*YOUR GOAL*
Repeat exactly the lines of the entries below from the one with "Logos of ADI, BTX Technologies and Resideo." through the one with "Jimny JA11 SJ410", both ends included, and nothing else.

*INFORMATION*
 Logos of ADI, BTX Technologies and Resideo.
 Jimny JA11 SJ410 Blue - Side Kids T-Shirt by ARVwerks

...

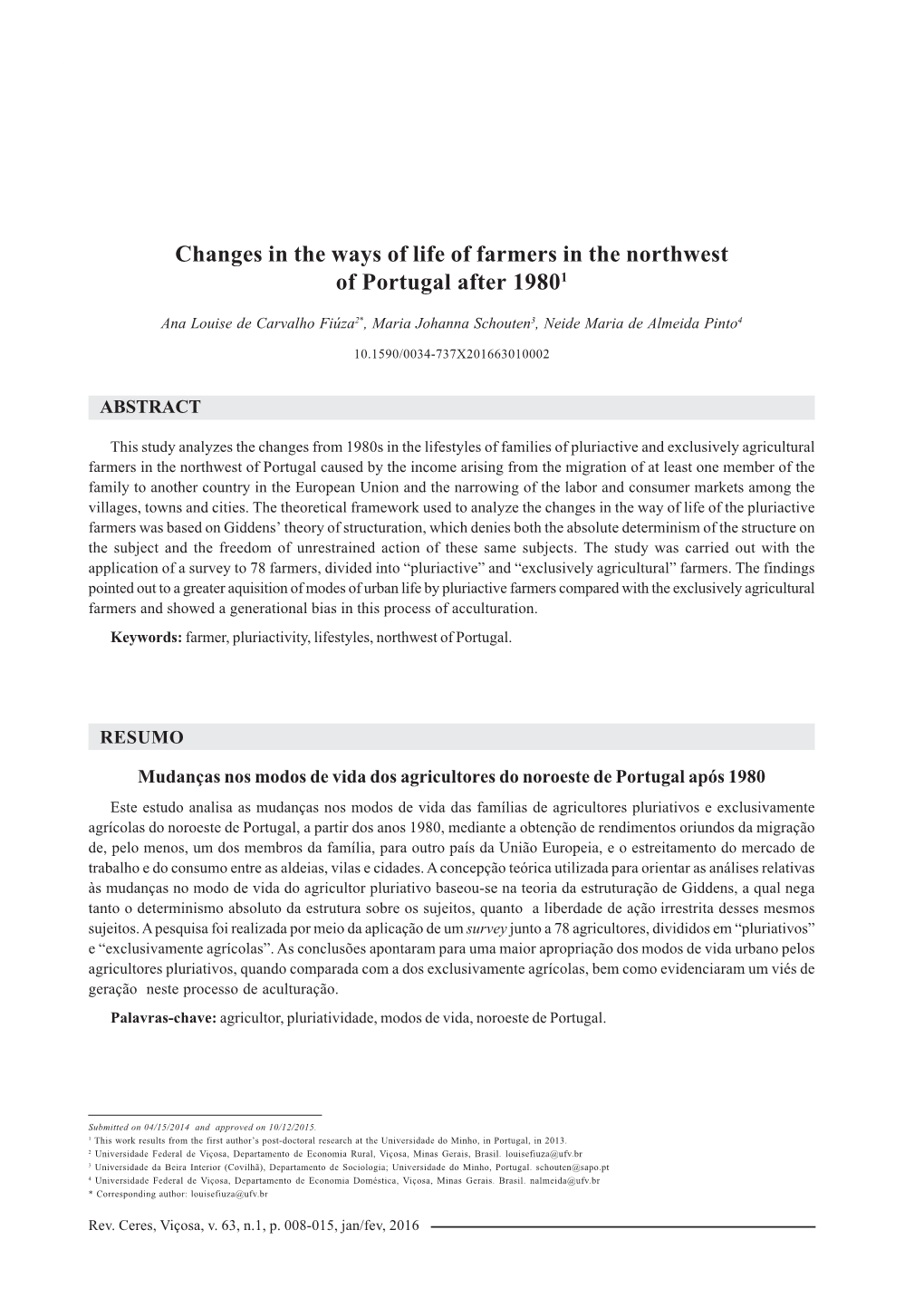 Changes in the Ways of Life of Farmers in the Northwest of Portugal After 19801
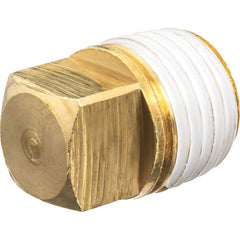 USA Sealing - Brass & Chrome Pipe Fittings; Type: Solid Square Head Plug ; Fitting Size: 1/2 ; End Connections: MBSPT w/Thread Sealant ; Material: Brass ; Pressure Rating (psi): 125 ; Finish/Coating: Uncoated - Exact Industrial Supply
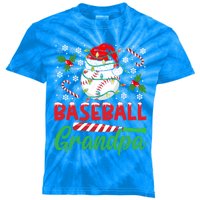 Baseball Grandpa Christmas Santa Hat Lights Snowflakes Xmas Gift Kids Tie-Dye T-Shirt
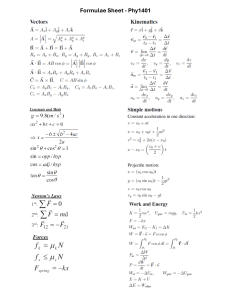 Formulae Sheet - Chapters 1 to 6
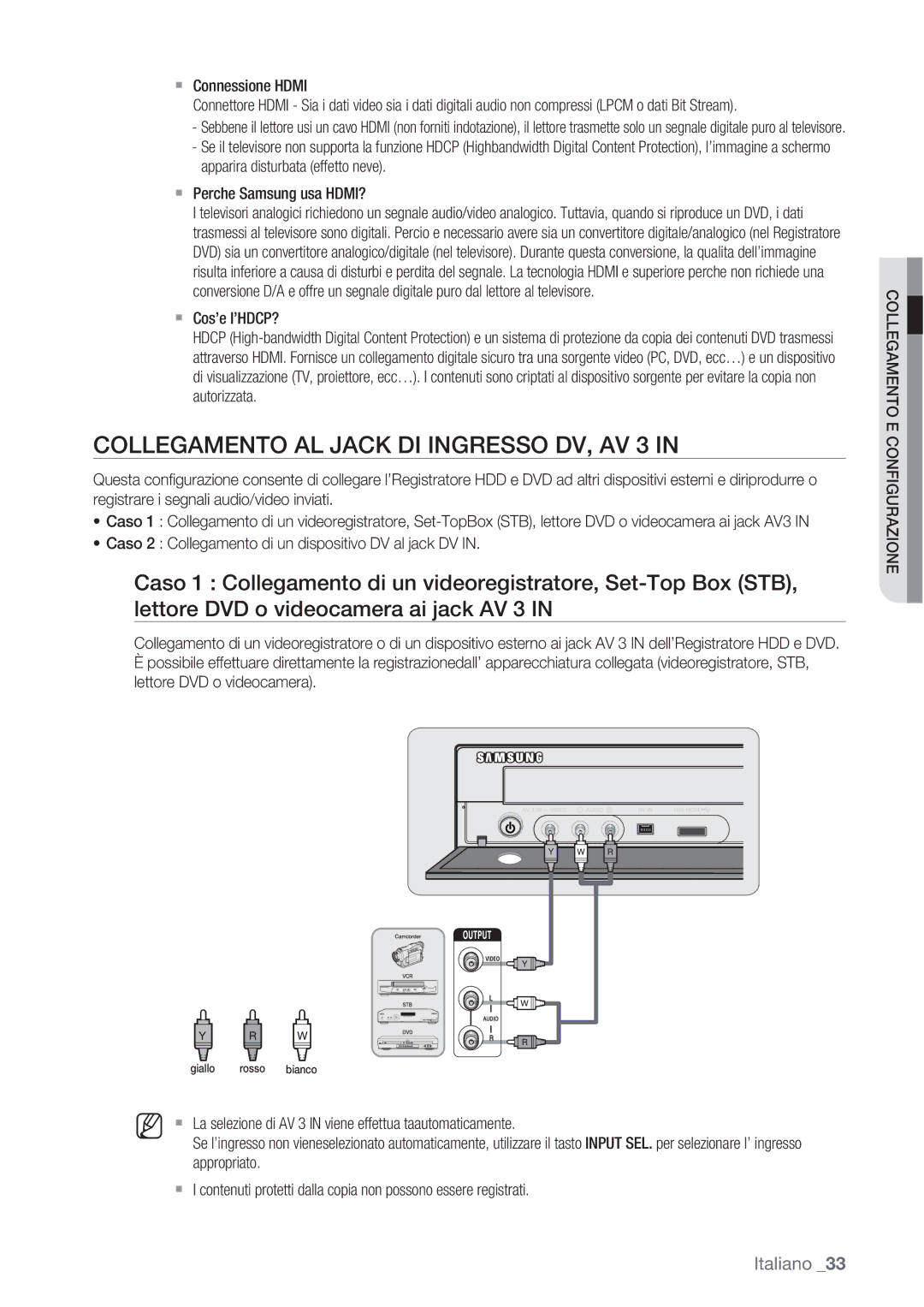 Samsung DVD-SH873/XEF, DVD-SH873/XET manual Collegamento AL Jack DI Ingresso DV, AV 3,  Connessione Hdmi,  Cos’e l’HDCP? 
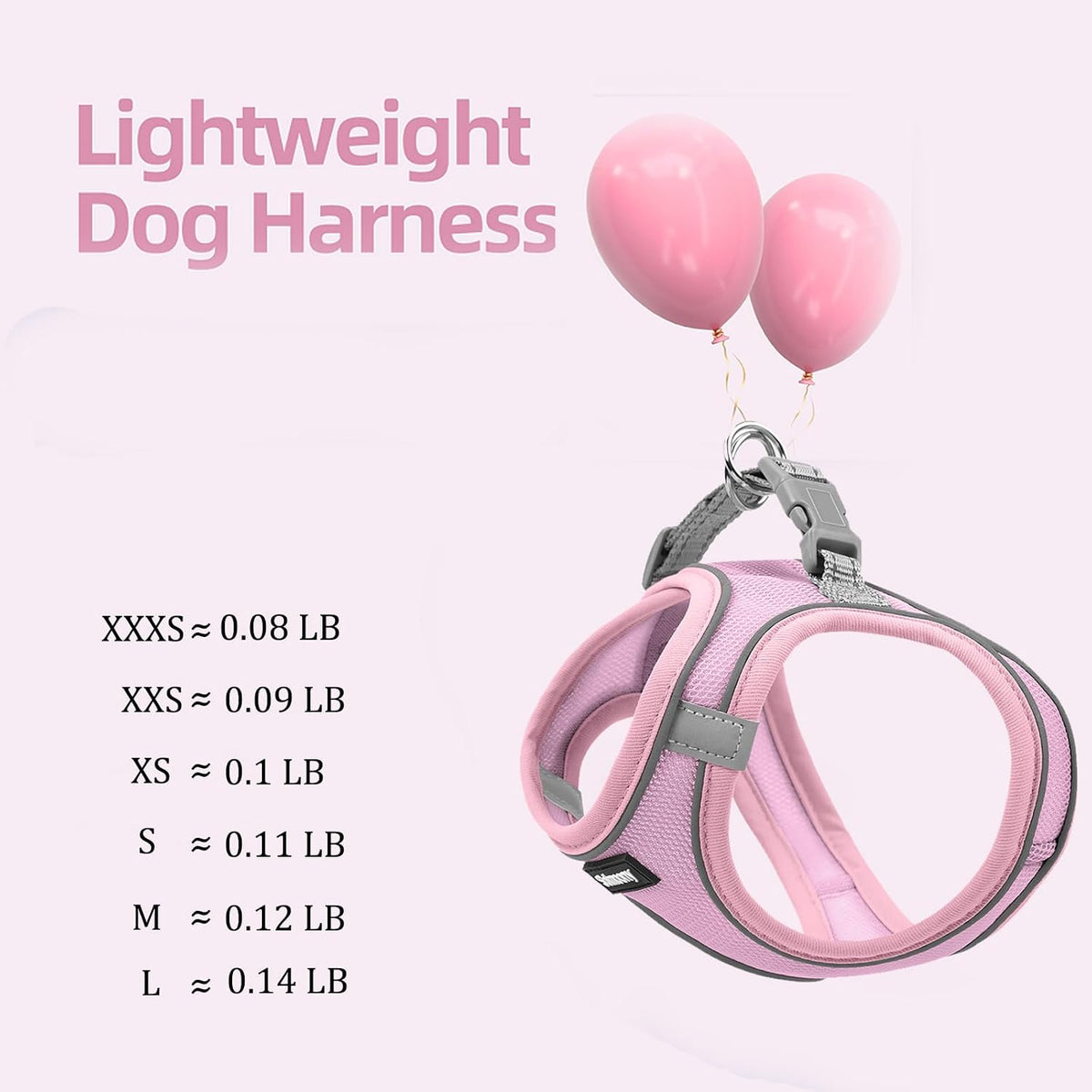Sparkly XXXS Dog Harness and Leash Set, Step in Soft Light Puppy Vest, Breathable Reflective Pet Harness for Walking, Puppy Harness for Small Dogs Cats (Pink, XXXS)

*EXERCISE RESULT*
 Logos of ADI, BTX Technologies and Resideo.
 Jimny JA11 SJ410 Blue - Side Kids T-Shirt by ARVwerks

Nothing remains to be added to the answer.